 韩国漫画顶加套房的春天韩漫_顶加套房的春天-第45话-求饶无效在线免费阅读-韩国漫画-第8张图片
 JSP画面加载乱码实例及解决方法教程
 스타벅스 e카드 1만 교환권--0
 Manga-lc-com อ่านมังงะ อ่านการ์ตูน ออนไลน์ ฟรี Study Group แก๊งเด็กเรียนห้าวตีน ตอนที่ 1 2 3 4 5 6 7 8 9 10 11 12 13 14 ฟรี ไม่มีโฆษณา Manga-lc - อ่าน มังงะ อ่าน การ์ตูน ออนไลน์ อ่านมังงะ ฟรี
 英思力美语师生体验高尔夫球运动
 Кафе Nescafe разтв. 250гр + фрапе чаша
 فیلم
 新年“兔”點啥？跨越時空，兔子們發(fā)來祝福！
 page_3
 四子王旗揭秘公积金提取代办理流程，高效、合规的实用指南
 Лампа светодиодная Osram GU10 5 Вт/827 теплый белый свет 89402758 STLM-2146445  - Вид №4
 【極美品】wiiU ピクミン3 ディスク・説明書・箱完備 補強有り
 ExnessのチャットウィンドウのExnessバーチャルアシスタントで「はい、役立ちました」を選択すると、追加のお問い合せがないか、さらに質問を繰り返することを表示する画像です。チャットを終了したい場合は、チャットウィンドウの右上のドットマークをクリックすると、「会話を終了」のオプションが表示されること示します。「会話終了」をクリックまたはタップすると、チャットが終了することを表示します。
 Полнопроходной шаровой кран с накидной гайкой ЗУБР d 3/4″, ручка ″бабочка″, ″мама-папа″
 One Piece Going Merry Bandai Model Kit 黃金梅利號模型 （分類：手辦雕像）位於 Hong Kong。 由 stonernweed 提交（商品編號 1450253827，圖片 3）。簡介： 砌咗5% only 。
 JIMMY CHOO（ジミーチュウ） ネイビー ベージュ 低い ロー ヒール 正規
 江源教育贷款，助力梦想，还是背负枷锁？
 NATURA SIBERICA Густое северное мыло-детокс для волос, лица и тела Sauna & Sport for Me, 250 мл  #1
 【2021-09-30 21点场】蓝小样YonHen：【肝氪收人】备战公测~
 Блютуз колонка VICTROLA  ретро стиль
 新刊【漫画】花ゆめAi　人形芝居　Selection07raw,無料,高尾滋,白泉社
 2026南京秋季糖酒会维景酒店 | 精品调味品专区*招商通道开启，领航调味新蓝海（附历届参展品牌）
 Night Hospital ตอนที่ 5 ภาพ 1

▬▬▬▬▬▬

Work request
Every line from the one that holds "江源教育贷款，助力梦想，还是背负枷锁？" to the end of the data above should be given again exactly, with that line and the last one both kept.

Completed exercise
 江源教育贷款，助力梦想，还是背负枷锁？
 NATURA SIBERICA Густое северное мыло-детокс для волос, лица и тела Sauna & Sport for Me, 250 мл  #1
 【2021-09-30 21点场】蓝小样YonHen：【肝氪收人】备战公测~
 Блютуз колонка VICTROLA  ретро стиль
 新刊【漫画】花ゆめAi　人形芝居　Selection07raw,無料,高尾滋,白泉社
 2026南京秋季糖酒会维景酒店 | 精品调味品专区*招商通道开启，领航调味新蓝海（附历届参展品牌）
 Night Hospital ตอนที่ 5 ภาพ 1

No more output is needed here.